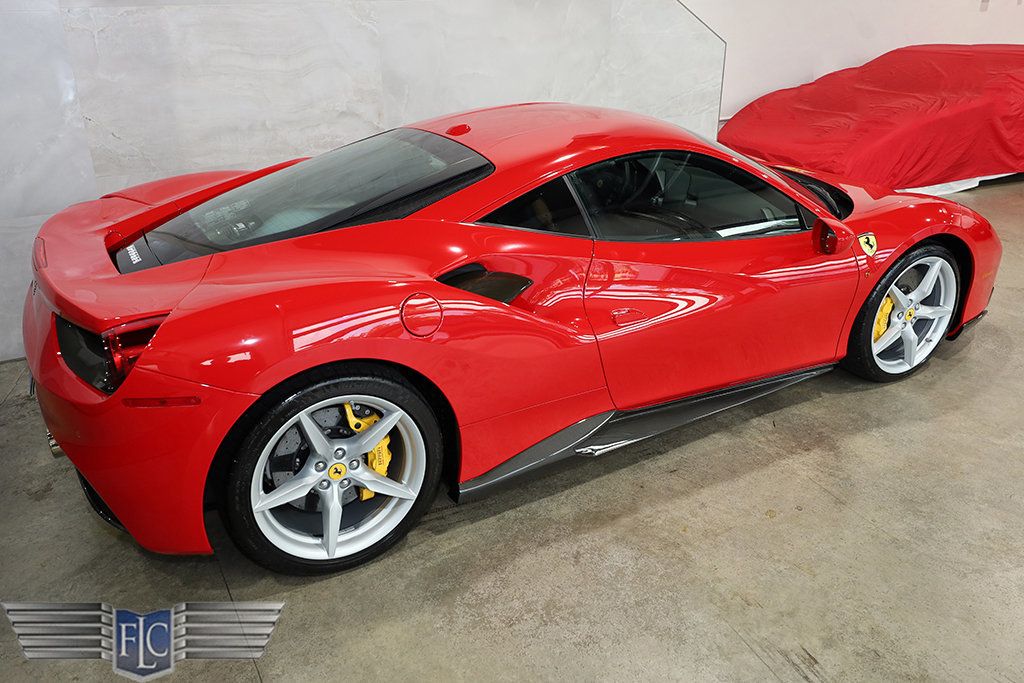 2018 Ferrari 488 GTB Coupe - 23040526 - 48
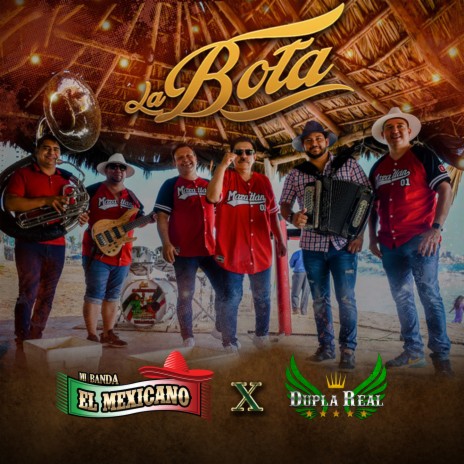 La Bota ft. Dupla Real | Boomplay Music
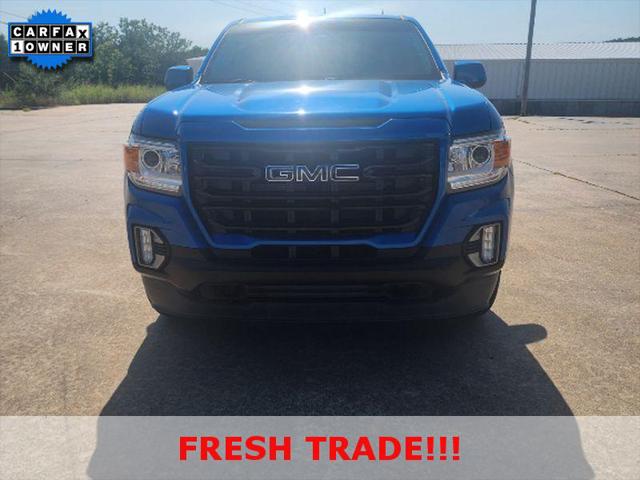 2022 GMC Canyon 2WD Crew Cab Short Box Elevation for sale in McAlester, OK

________

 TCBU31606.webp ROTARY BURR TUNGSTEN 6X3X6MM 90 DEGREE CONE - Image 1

________

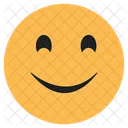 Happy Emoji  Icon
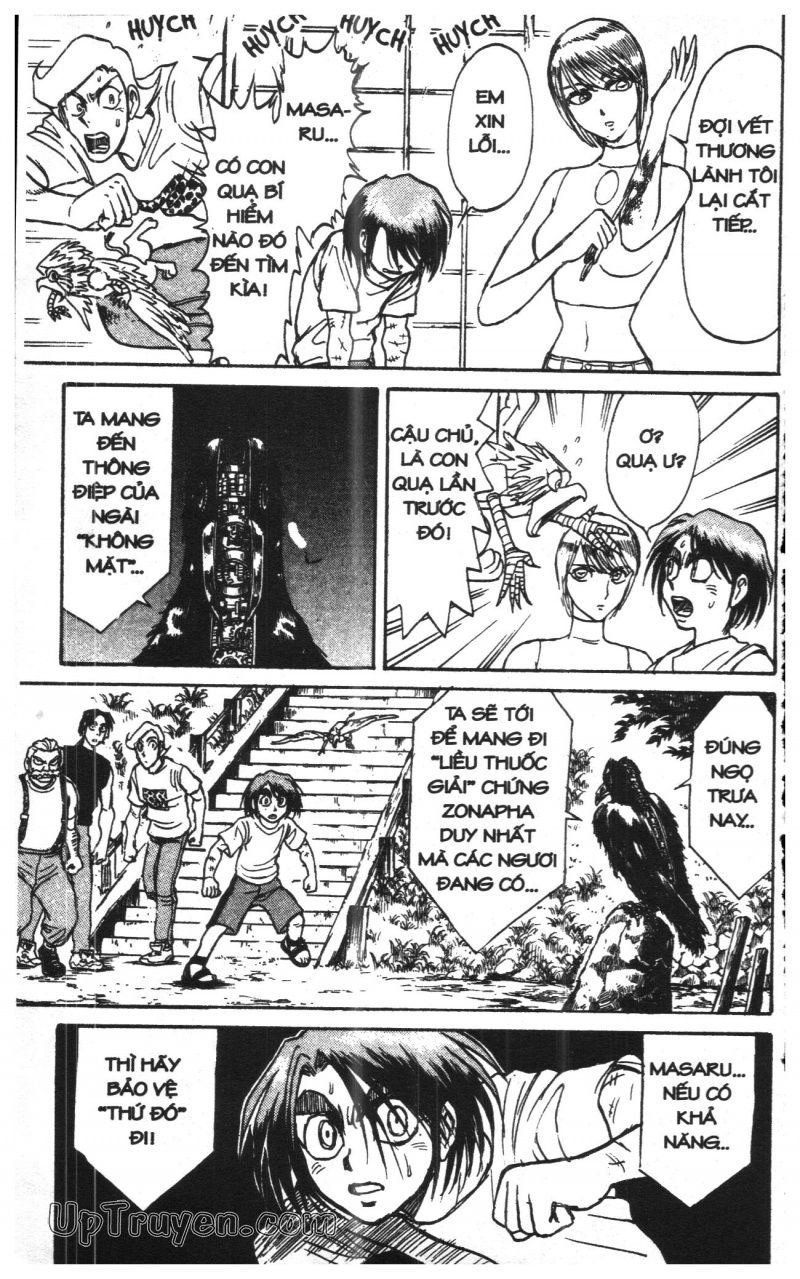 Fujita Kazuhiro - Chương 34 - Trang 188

________

Task directions ▸ Using the records above, print exactly the run of lines that starts with the line with "La Bota ft. Dupla Real | Boomplay Music" and goes on through the line with "2022 GMC Canyon", pictures excluded.

Answer to the exercise ▸
 La Bota ft. Dupla Real | Boomplay Music
 2022 GMC Canyon 2WD Crew Cab Short Box Elevation for sale in McAlester, OK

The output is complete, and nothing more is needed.